* [The records]:
····················
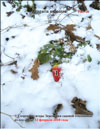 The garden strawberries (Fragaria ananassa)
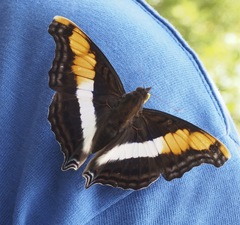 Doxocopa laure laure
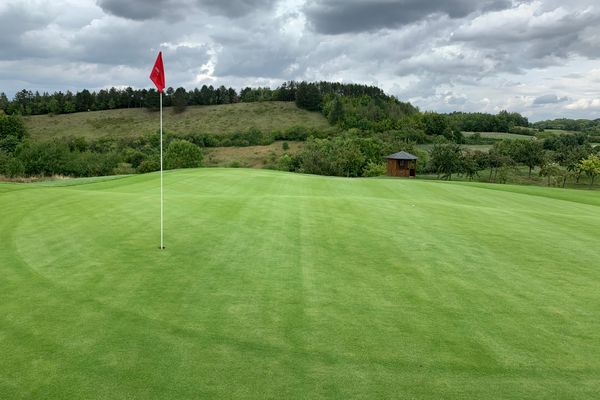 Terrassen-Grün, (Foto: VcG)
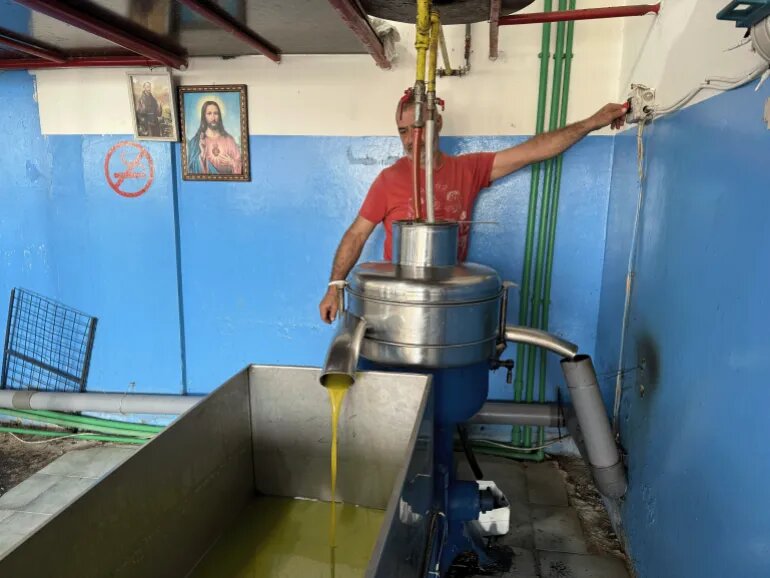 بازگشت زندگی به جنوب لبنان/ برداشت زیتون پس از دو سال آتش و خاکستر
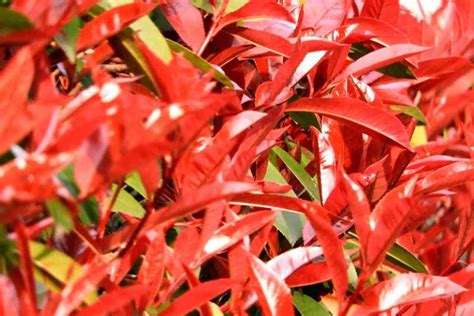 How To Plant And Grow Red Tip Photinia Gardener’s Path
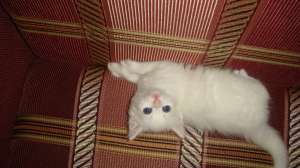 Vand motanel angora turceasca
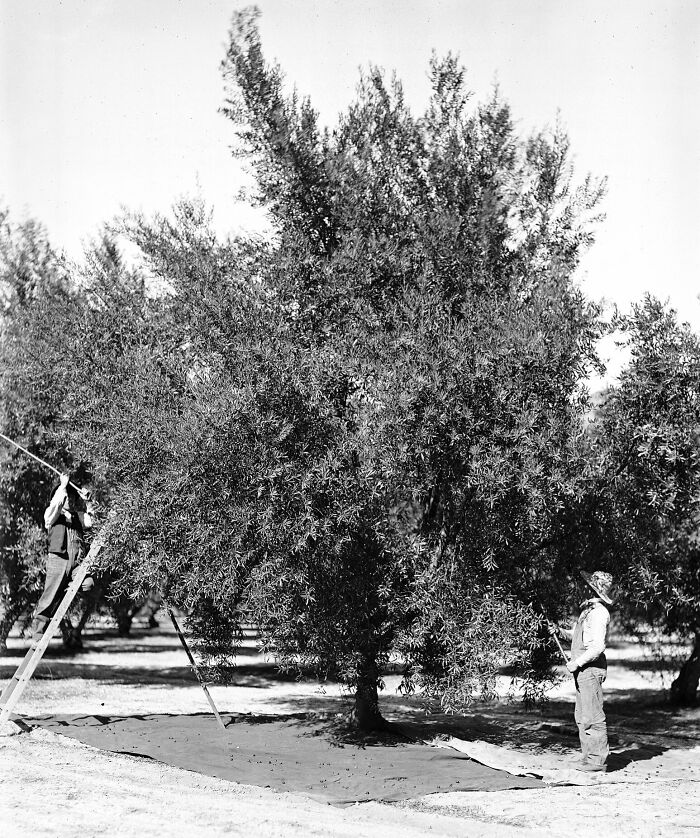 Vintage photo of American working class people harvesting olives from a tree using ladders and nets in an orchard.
····················
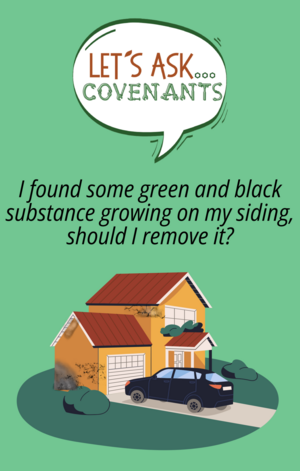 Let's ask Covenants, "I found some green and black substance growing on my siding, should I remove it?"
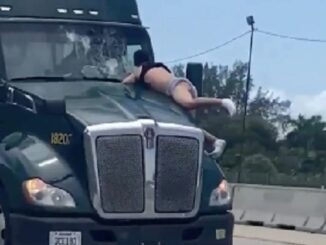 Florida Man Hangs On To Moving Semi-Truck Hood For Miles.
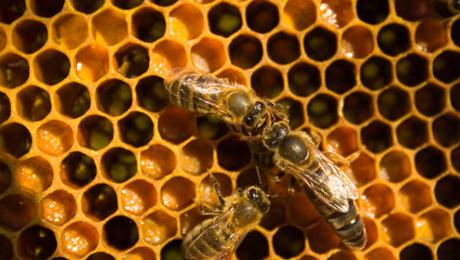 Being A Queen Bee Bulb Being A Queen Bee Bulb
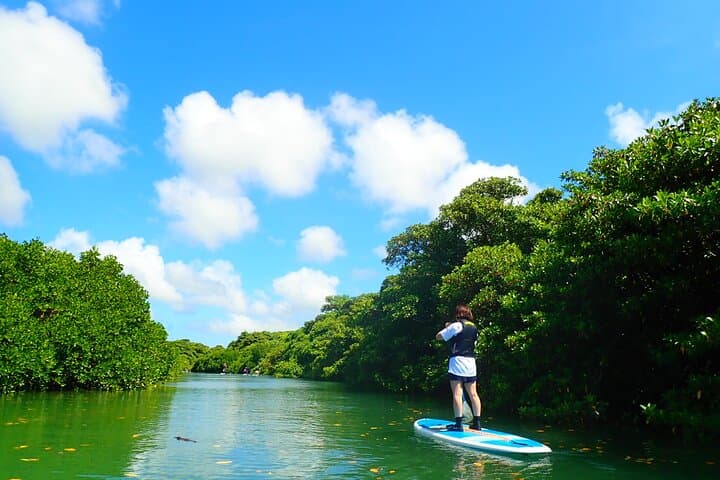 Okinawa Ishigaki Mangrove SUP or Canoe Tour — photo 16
····················
* [Problem description]:
In the data above, start at the line holding "Being A Queen Bee Bulb Being" and stop after the line holding "Okinawa Ishigaki Mangrove"; write out those lines exactly, without pictures.

* [Answer space]:
 Being A Queen Bee Bulb Being A Queen Bee Bulb
 Okinawa Ishigaki Mangrove SUP or Canoe Tour — photo 16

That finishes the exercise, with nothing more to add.